Bonds: Yields across Benchmark Tenors Drop as Inflation hits 28-month high
In the bond market, yields across benchmark tenors moderated two basis points (bps) to an average of 7.69% Monday due to increased interest at the short end of the curve, offset flattish long term bonds.
The moderation recorded is coming at the time when Nigeria’s headline inflation rate surge to 12.82%, which is significantly above a number of analysts’ projections for the month of July.
Chapel Hill Denham in a note explained that despite rising inflation, the bond market traded bullish on Monday.
The firm stated that financial funding pressures remained elevated as financial system liquidity opened lower at N88.9bn from N510bn last week Friday.
As such interbank funding rates remained in double-digits.
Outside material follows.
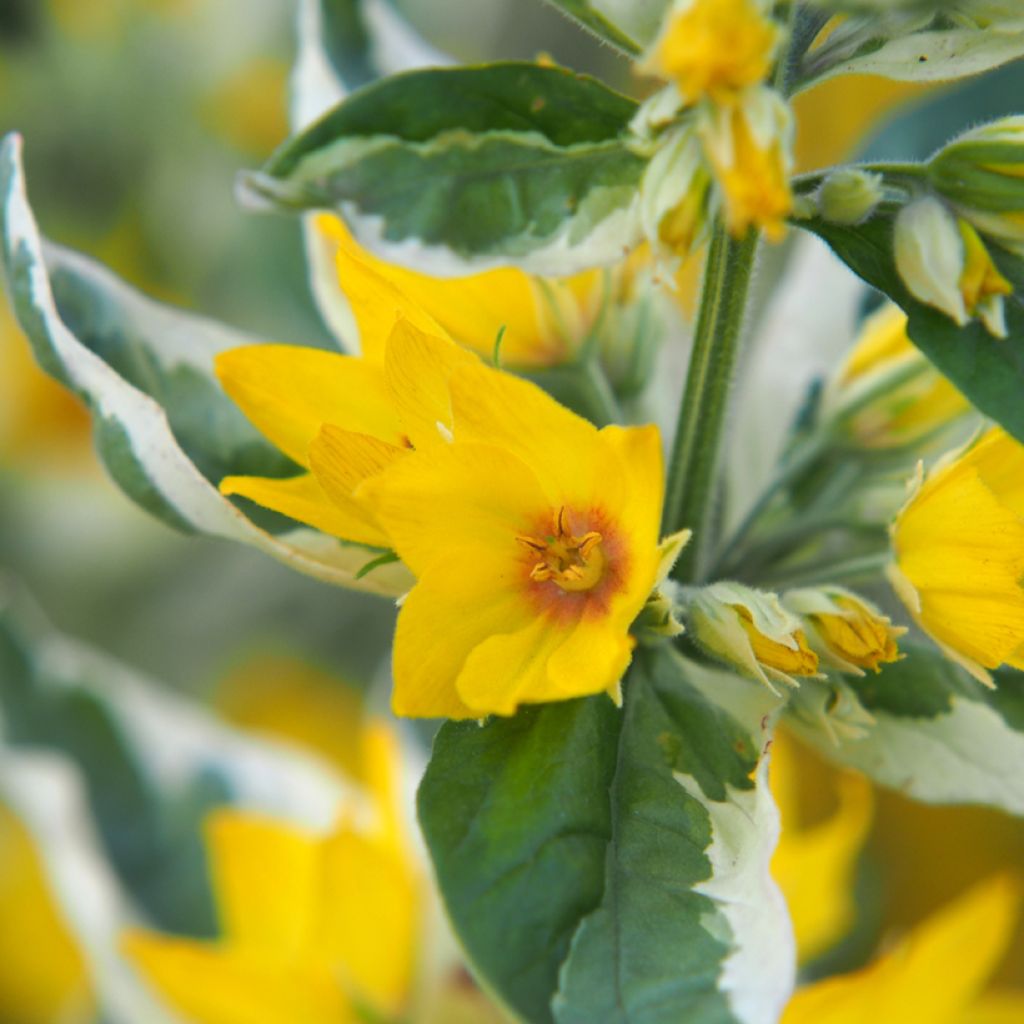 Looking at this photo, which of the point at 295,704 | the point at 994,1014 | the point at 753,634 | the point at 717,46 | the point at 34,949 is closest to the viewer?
the point at 717,46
The Open Buy Back (OBB) and Overnight (OVN) rates eased by 120bps and 230bps to 16.40% yoy and 17.50% yoy, respectively.
Meanwhile, the fixed income market traded with a slight bullish bias, as investors remained cautious ahead of the bond primary market auction holding on Wednesday.
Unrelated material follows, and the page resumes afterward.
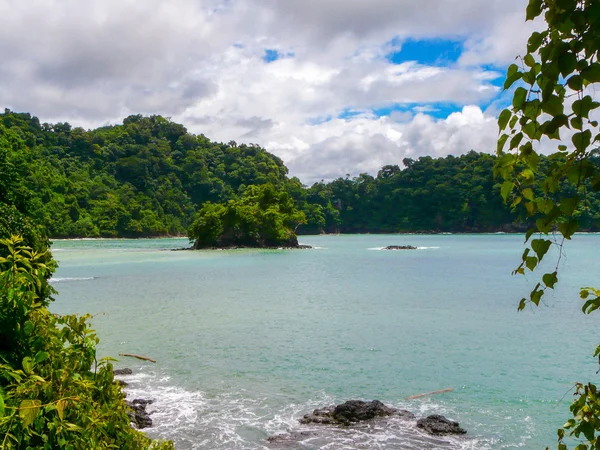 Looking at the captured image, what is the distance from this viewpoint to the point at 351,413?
9.09 meters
At the front end of the curve, analyst said the OMO benchmark curve was unchanged at 3.85%.
Meanwhile discount rates on Nigerian Treasury Bills (NTBs) compressed by 27bps to 1.62%.
National Bureau of Statistics (NBS) published the Consumer Price Index (CPI) report for July 2020, which showed inflationary pressures accelerated for the 11th consecutive month.
Notably, headline inflation rate increased by 26bps to hit a 28-month high of 12.82% year on year from 12.56% in June 2020.
Chapel Hill said the inflation print was a negative surprise, as it surpassed its estimate of 12.66%.
The higher inflation print was mainly against the backdrop of sustained pressures in the food basket, despite the commencement of early harvest, while core inflation was relatively benign.
Analysts maintained that outlook biased to the upside due to supply side factors.
Chapel Hill said it is currently tracking August headline inflation rate at 12.94% year on year.
The firm said investors’ attention will likely remain focused on the bond auction holding on Wednesday.
MarketForces reported that the Debt Management Office (DMO) is scheduled to offer N150bn: N25bn of JAN 2026, N40bn of MAR 2035, N45bn of JUL 2045, and N40bn of MAR 2050.
The last auction cleared at 6.0%, 9.5%, 9.8% and 9.95% respectively.
“Given the large upcoming OMO maturity on Thursday (N181.4bn), odds are in favour of another well-bid primary market auction (PMA)”, Chapel Hill Denham stated.